Le spécialiste rappelle que le laboratoire de Stockholm de l'université Karolinska, qui a analysé le test de Kamila Valieva, a déjà été sanctionné dans le passé, entre le 1er août 2018 et le 1er août 2019. Cette suspension temporaire a été mise en place en raison de la non-conformité de l'une des méthodes d'analyse des échantillons aux standards de l'AMA.

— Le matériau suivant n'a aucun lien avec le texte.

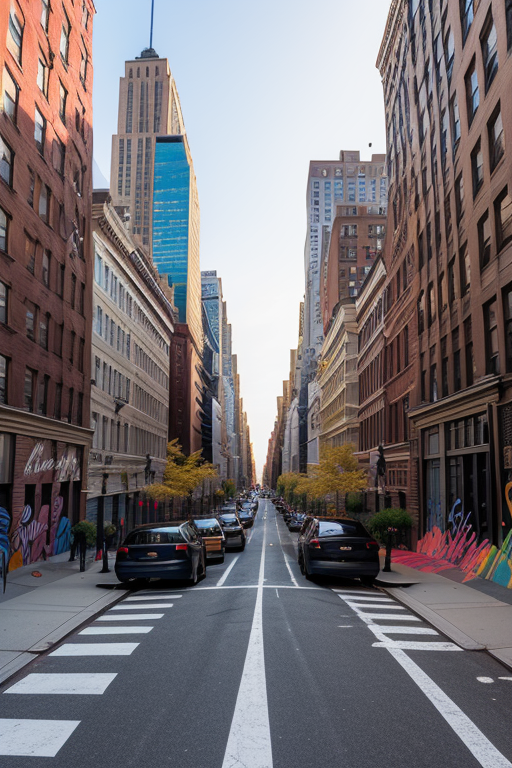 a street in new york with graffitis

"L’autre point est qu'on contrôlera la qualité du travail du laboratoire antidopage puisqu'il arrive, quoique rarement, que des erreurs se produisent lors de l'analyse d'un échantillon. On ouvrira très probablement l'échantillon B, puis examinera le colis du laboratoire et la chaîne de contrôle, pour exclure toute possibilité d'erreur de la part du laboratoire."
L’interlocuteur de Sputnik évoque également le fait qu’il y a beaucoup de questions à poser au laboratoire qui a mis beaucoup de temps pour fournir le résultat de ce test.
"Habituellement, dans la pratique, il faut 10 jours, 20 jours au maximum [pour rendre le résultat, ndlr], à partir de la réception par le laboratoire , mais ici cela a pris un mois et demi. Et les résultats sont publiés exactement entre la victoire officielle de l'athlète et de son équipe et la cérémonie de remise des médailles, ce qui est un créneau de littéralement quelques heures. Et c'est à ce moment-là que la cérémonie de remise des prix est perturbée", décortique le juriste.

Un mineur exposé à des pressions

En guise de conclusion, le spécialiste a évoqué le fait que de toute manière, ce scandale antidopage laissera un préjudice moral. Il a précisé qu’il doit être dur pour une enfant de 15 ans de supporter une telle pression, d’être soumise à un tel harcèlement. De plus, cela secoue toute l'équipe, estime-t-il.
"Nous pouvons voir que les athlètes russes, les prétendants aux médailles, le jour après le scandale ont moins bien performé et ici, nous pouvons voir la relation de cause à effet et notamment la concurrence déloyale dans le sport, la pression, la violation de l'égalité des conditions de départ et, par conséquent, faire fléchir l'esprit de compétition par de telles attaques à base d’information non fondées", conclut Sergueï Alexeïev.
Pour rappel, le 7 février, Kamila Valieva, âgée de 15 ans, est devenue la première patineuse artistique à réussir un quadruple saut aux Jeux olympiques. Sa prestation a contribué à ce que l’équipe russe termine première de l'épreuve par équipe. Le 15 février débute l’épreuve individuelle de patinage pour laquelle Kamila Valieva est favorite.